_WHAT IS EXPECTED_. Where an image appears in the data, omit it and reproduce the rest exactly.

_PROVIDED MATERIAL_.

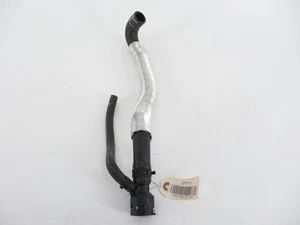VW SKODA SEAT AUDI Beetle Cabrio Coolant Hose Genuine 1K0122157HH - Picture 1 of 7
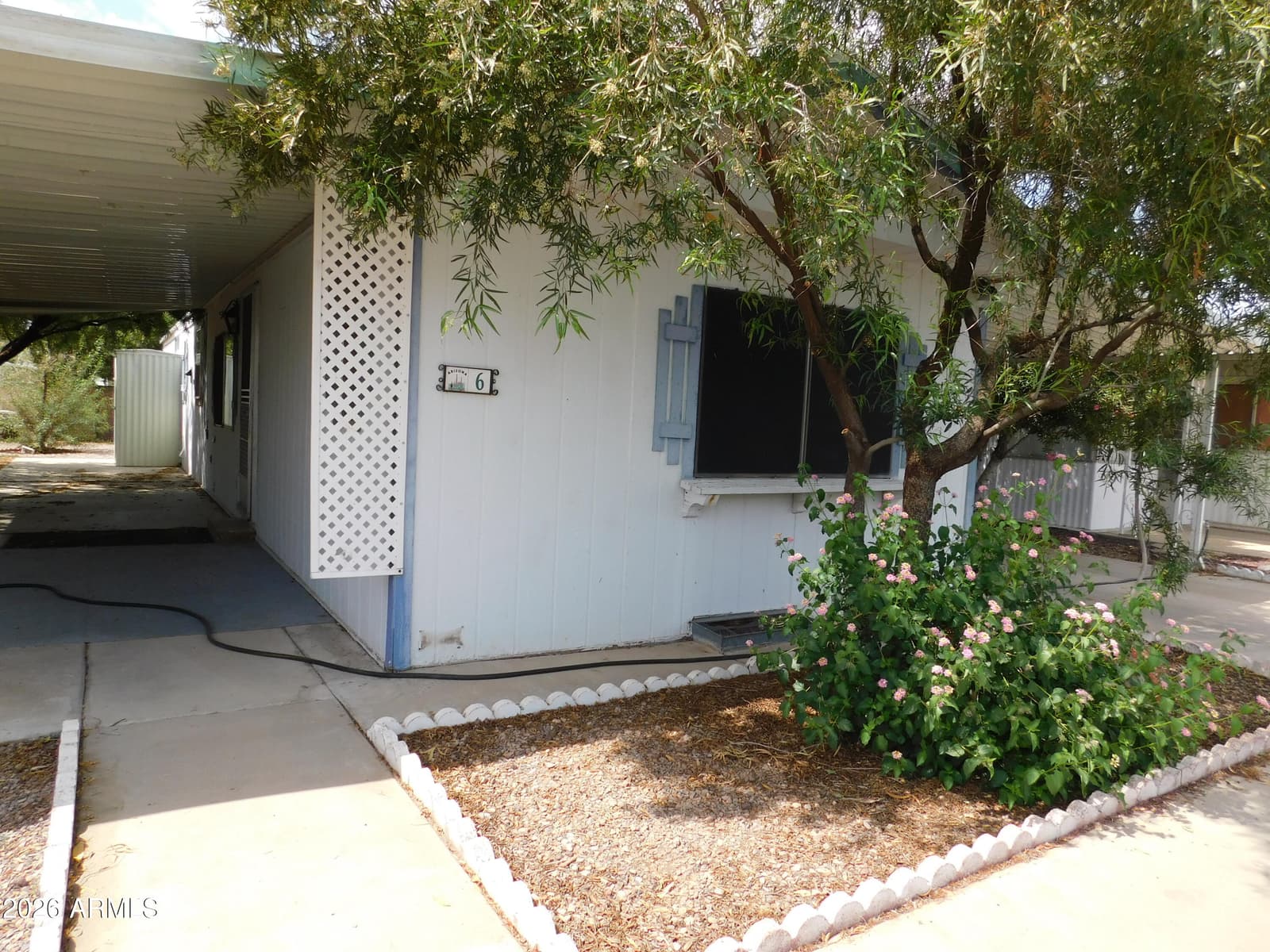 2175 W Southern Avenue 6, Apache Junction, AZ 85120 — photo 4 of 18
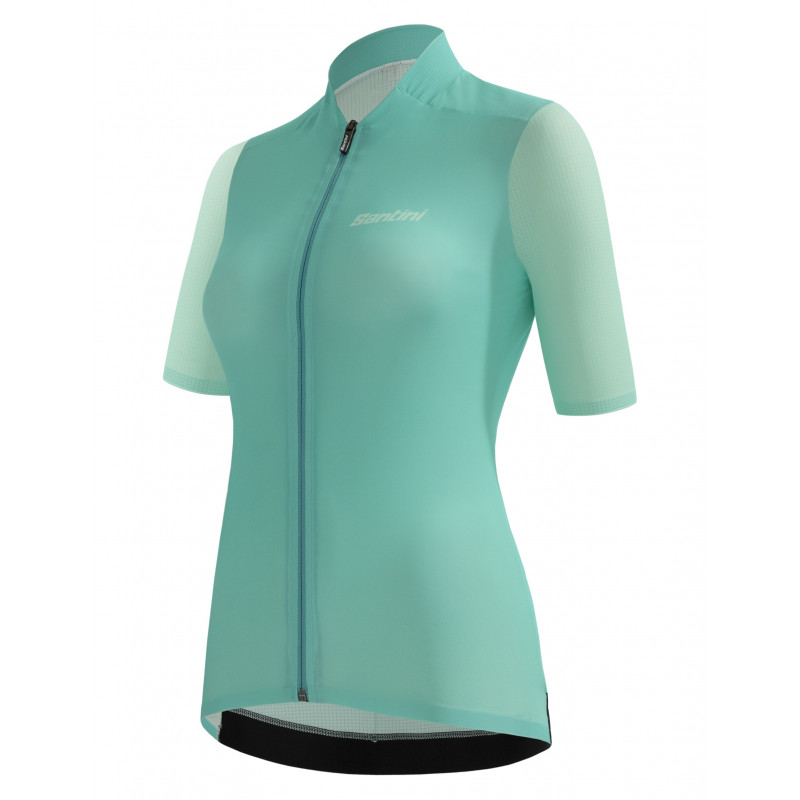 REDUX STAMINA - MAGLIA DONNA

_SOLUTION_.
VW SKODA SEAT AUDI Beetle Cabrio Coolant Hose Genuine 1K0122157HH - Picture 1 of 7
 2175 W Southern Avenue 6, Apache Junction, AZ 85120 — photo 4 of 18
 REDUX STAMINA - MAGLIA DONNA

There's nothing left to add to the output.